El retroceso es en varios sentidos y lo cual hoy se refleja en la casi nula participación que tienen en la vida política. Los partidos dejaron de interesarse en los sindicatos, porque en esencia no tienen el liderato que se requiere para atraer el voto, de ahí que salvo el SNTE que tiene escriturada una diputación local y algunas regidurías los demás pasan desapercibidos, aunque debe tenerse presente que el sindicato magisterial también ha retrocedido enormidades, luego de que en décadas pasadas tenía senadurías y diputaciones federales y el último gobernador que perteneció a este gremio fue José Refugio Esparza Reyes (1974-1980).

Aún más lamentable es el caso del Sindicato Ferrocarrilero, que con la desaparición de los Talleres de Reparación perdió la mayor parte de su núcleo, sin embargo en estos momentos la Sección Dos tiene cerca del millar de socios que pertenecen a la rama de transportes. En sus años de gloria llegó a tener al mismo tiempo un senador y un diputado federal y hasta dos diputaciones locales, hoy no tiene ni siquiera un suplente de regidor.

Otra colectividad que está sin acción político-social es el Sindicato Único de Trabajadores Estatales y Municipales de Aguascalientes (SUTEMA), que agrupa a casi 15 mil socios. Su principal problema está en el nulo interés que han demostrado los sucesivos dirigentes para resolver algo tan básico como es una pensión digna, ya que –mañosamente– los diputados incluyeron desde muchos años que el pago de retiro sea sobre el salario real que es muy bajo, pero que con las compensaciones y los bonos se mejora, sin embargo a la hora de pensionarse sólo cuenta el ingreso base, de ahí que hasta la fecha hay quienes cobran menos de mil pesos mensuales, lo que es un auténtico insulto, pero que ninguna autoridad ha querido remediar. Se ha pretendido que a la hora de jubilarse se tome en cuenta el monto global de la retribución y a partir de ahí sea el pago de la subvención, pero los diputados y las diputadas que son los obligados a reformar la ley se hacen que la Virgen les habla y pasan los años sin que se logre este acto de justicia.
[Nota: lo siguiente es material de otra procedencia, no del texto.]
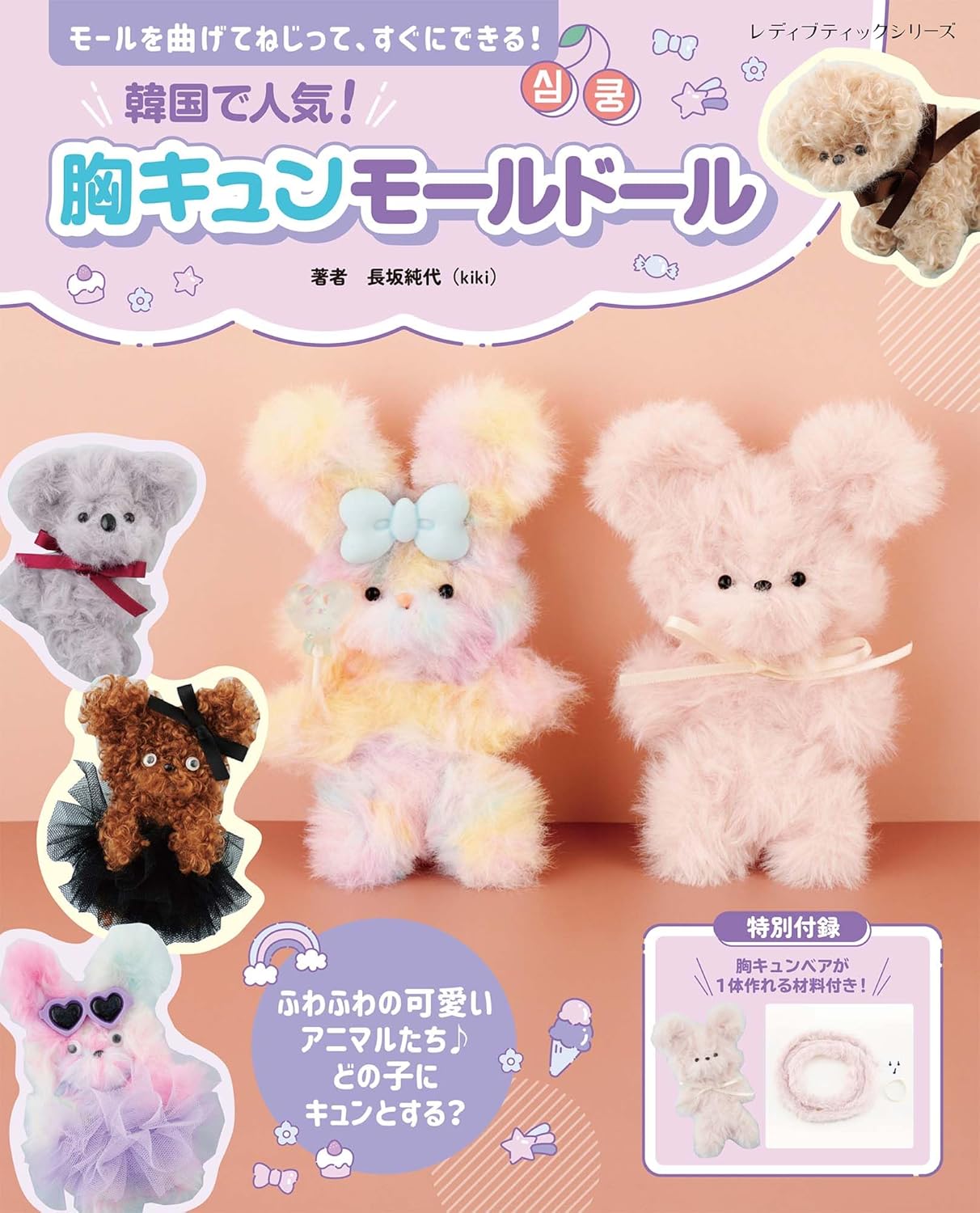 Popular in Korea! Heart-throbbing dolls Japanese Craft Book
A su vez las centrales obreras se mantienen en el rincón de las decisiones, es el caso de la FTA-CTM que en su momento disputó a la organización ferrocarrilera el derecho de tener más escaños en los congresos federal y estatal y los cabildos municipales, pero hoy ni de oyente se le invita, no obstante que tiene alrededor de 90.000 socios, algo similar ocurre con la organización que comanda un expreso, que actualmente busca hacer algo de ruido con supuestas presentaciones de candidatos a cargos de elección popular, sin asumir ningún compromiso con los partidos, por lo que puede navegar en cualquier tipo de aguas.

En conclusión, el obrero aguascalentense carece de auténticos líderes, de alguien que lo represente y no sólo los utilice para el pago de la cuota sindical.

EXPRESIÓN ZARANDEADA

Algunos usuarios de teléfonos móviles (celulares) y de internet utilizan formas muy peculiares para comunicarse, por lo que todo el que no esté al día se le considera un “analfabeto cibernético” y algo similar pasa con las actuales autoridades federales, que de pronto dejaron de calificar como redadas la captura de indocumentados, sino que estas personas quedan bajo “custodia” del Instituto de Migración, que hace lo mismo de siempre, ponerles a bordo de un avión o un autobús de regreso a sus países, esto es, la expulsión estilo estadounidense. Sea una cosa u otra, los inmigrantes son expulsados de México, lo que es una severa contradicción de la invitación que hasta 2019 hacía el presidente de la República a los “hermanos” de otros países, asegurándoles que habría protección en su tránsito hacia el vecino país del norte y el que quisiera quedarse a trabajar aquí tendría oportunidades de trabajo, estudio y servicios de salud.